Could you please output all of the data exactly, without the images?

Captioned web image data
● ● ● ●

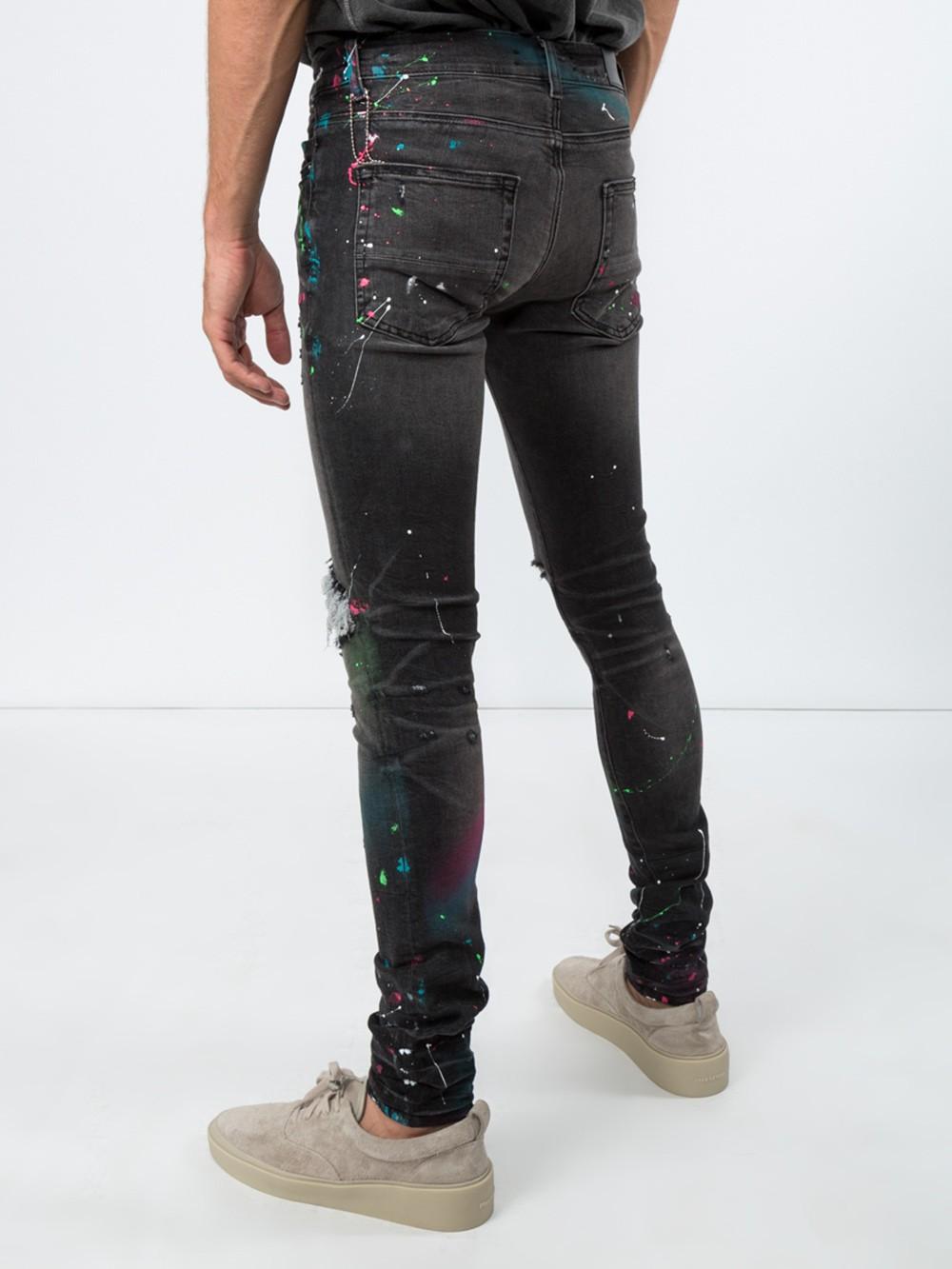 mens black jeans with paint splatter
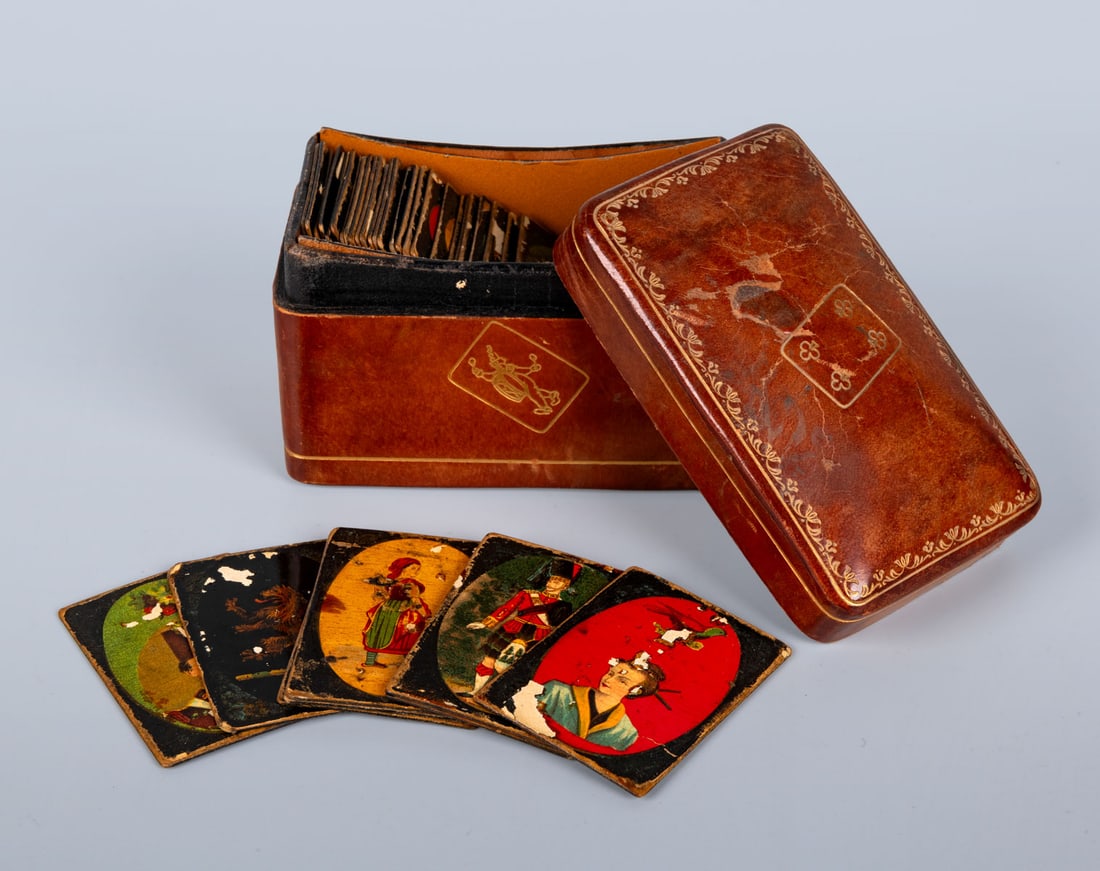 An Old Memory Game in a Fine Leather Case, Italy: An Old Memory Game in a Fine Leather Case, Italy A vintage memory game composed of illustrated playing tiles, housed in a decorated leather box with gilt tooling. hand made Height: 6.5 cm; Wid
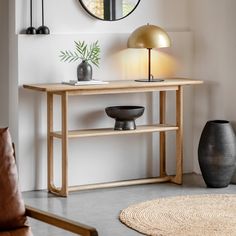 a living room with a table, mirror and vase on the wall next to it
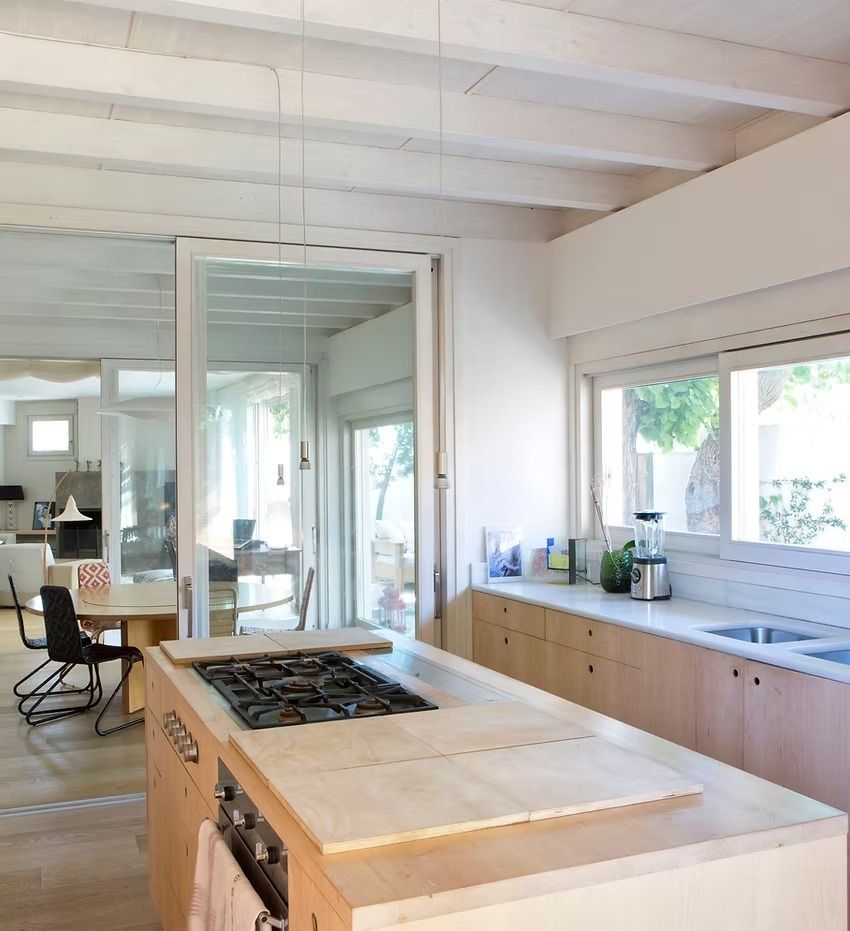 Cocina moderna y luminosa con una gran isla, placa de gas, armarios de madera y espejo que refleja el comedor.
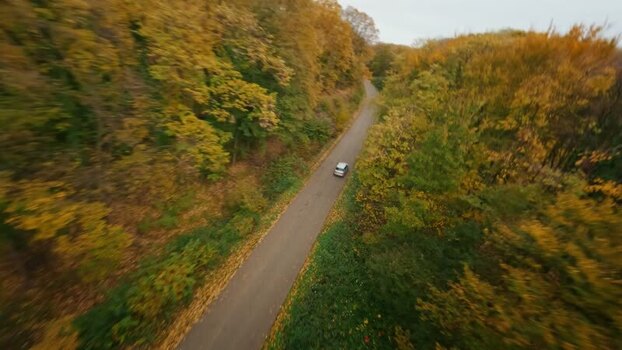 FPV aerial view of car on road in Fruska Gora Serbia. FPV aerial view of car on road in Fruska Gora Serbia.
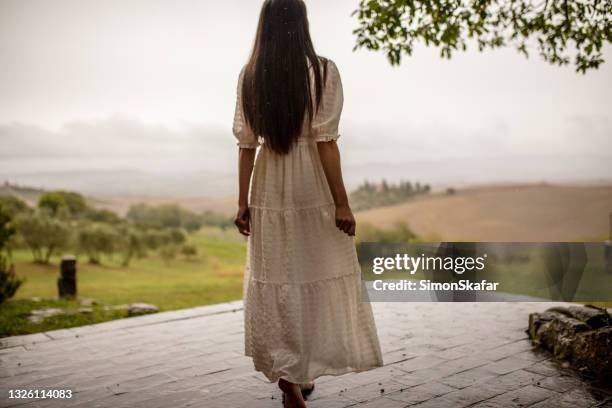 rear view of a woman walking - rain garden stock pictures, royalty-free photos & images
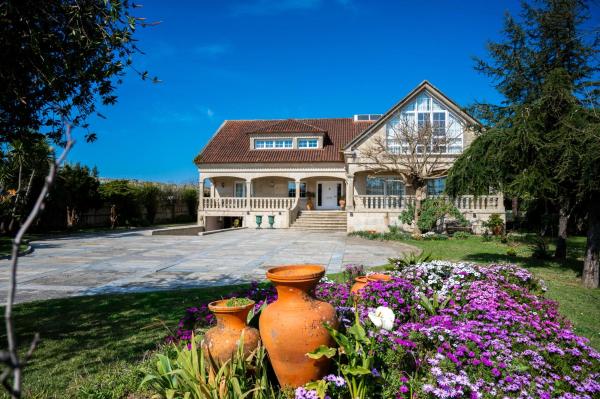 På billedet ses objektet Green Garden House beliggende i byen Caleiro.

● ● ● ●

--- Result of this exercise ---
 mens black jeans with paint splatter
 An Old Memory Game in a Fine Leather Case, Italy: An Old Memory Game in a Fine Leather Case, Italy A vintage memory game composed of illustrated playing tiles, housed in a decorated leather box with gilt tooling. hand made Height: 6.5 cm; Wid
 a living room with a table, mirror and vase on the wall next to it
 Cocina moderna y luminosa con una gran isla, placa de gas, armarios de madera y espejo que refleja el comedor.
 FPV aerial view of car on road in Fruska Gora Serbia. FPV aerial view of car on road in Fruska Gora Serbia.
 rear view of a woman walking - rain garden stock pictures, royalty-free photos & images
 På billedet ses objektet Green Garden House beliggende i byen Caleiro.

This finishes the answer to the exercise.